Éditorial

La fragilité constitue une menace majeure, à l’échelle mondiale, pour la mise en œuvre du Programme de développement durable à l’horizon 2030. En 2016, le nombre de pays ayant connu une forme ou une autre de conflit violent était plus élevé qu’à n’importe quel moment au cours des 30 dernières années. Près de 26 000 personnes ont perdu la vie en conséquence d’attaques terroristes, et la violence a causé la mort de 560 000 personnes. Le nombre de personnes déplacées dans le monde n’a jamais été aussi élevé depuis la Seconde guerre mondiale. L’an dernier, le monde a connu simultanément quatre famines.

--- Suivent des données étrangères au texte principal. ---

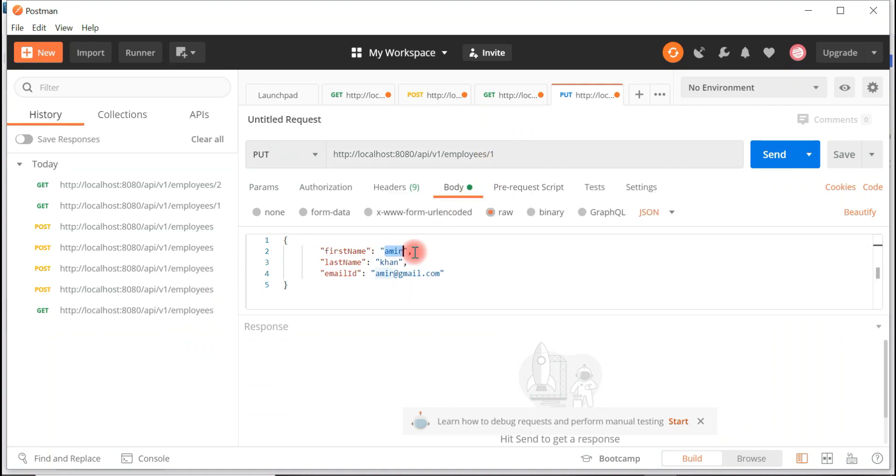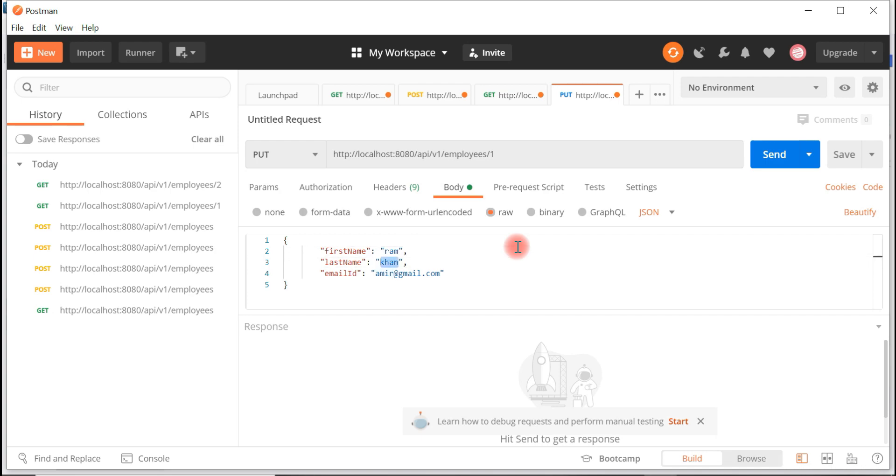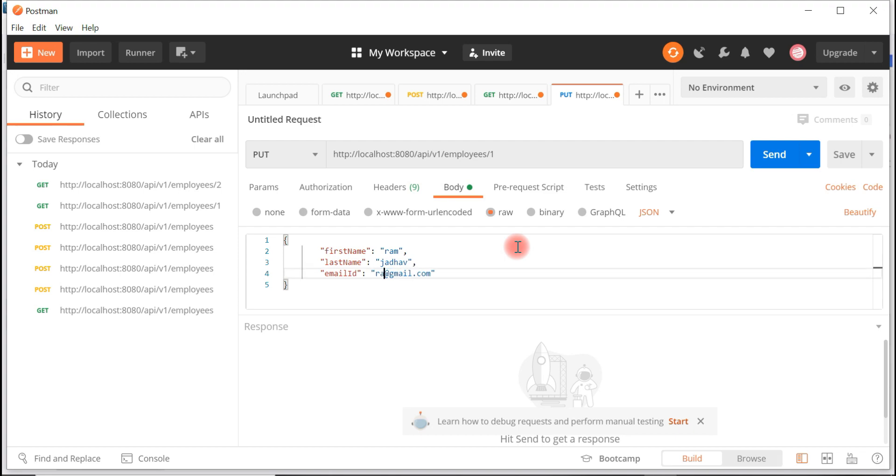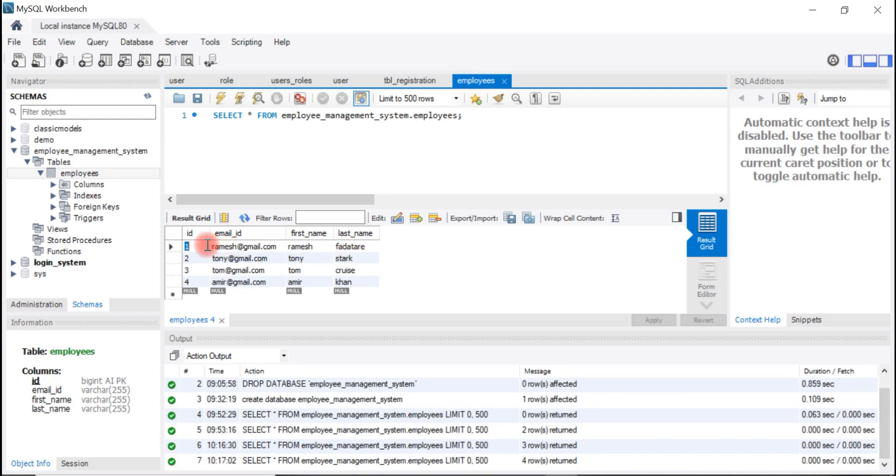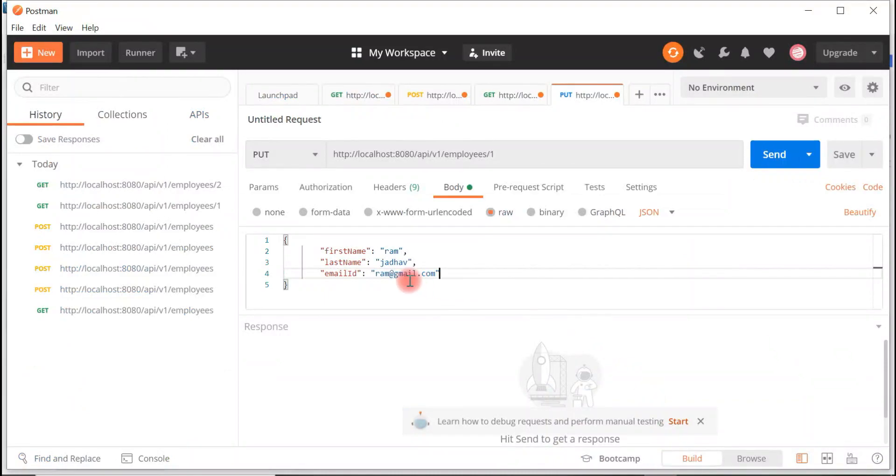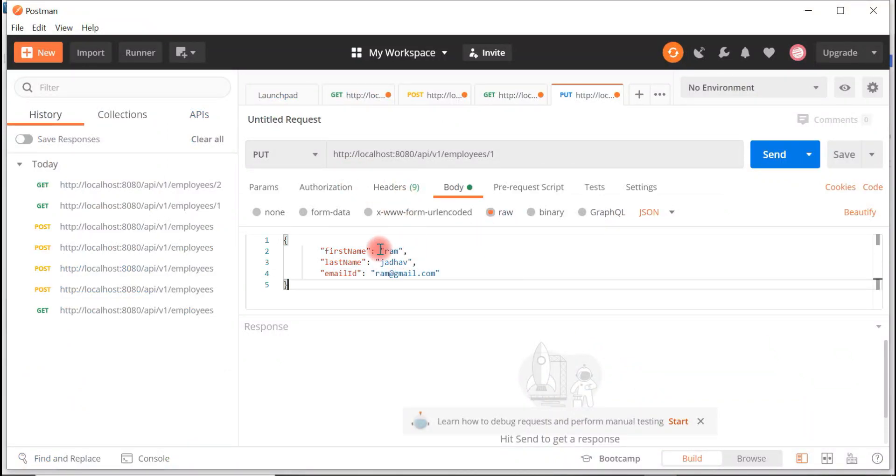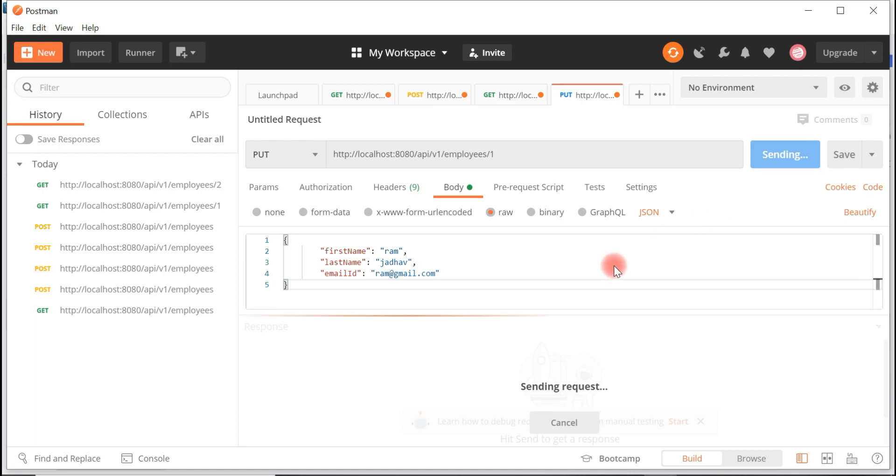I am going to update first name from Ramesh to Ram, and last name from Fadatare to something like Jadhav, and email ID from ramesh@gmail.com to ram@gmail.com. Look at here: first name is Ramesh, last name Fadatare, email ID ramesh@gmail.com. I'm going to update these details with these details. Once you configure all the details, hit send button.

Cet inventaire de la souffrance humaine trouve en son cœur la fragilité. Et chacun de ces chiffres effarants le démontre avec force : il est absolument crucial que la communauté internationale s’efforce encore plus activement de mieux comprendre, anticiper et prendre en compte les déterminants aussi bien que les conséquences de la fragilité.

Ce rapport montre que faute d’action, plus de 80 % des habitants les plus pauvres de la planète vivront en 2030 dans des contextes fragiles. Cela signifie que les acteurs du développement dans de nombreux secteurs devront mieux appréhender les défis spécifiques au développement dans les contextes fragiles, dont il faudra venir à bout afin que les ambitions des Objectifs de développement durable puissent se concrétiser. De surcroît, à peine 2 % du total de l’aide publique au développement (APD) brute a servi la prévention des conflits et des activités associées en 2016. Nous savons qu’un conflit peut réduire à néant des décennies de progrès en matière de développement et, simultanément, renforcer les dynamiques mêmes qui ont initialement conduit au conflit.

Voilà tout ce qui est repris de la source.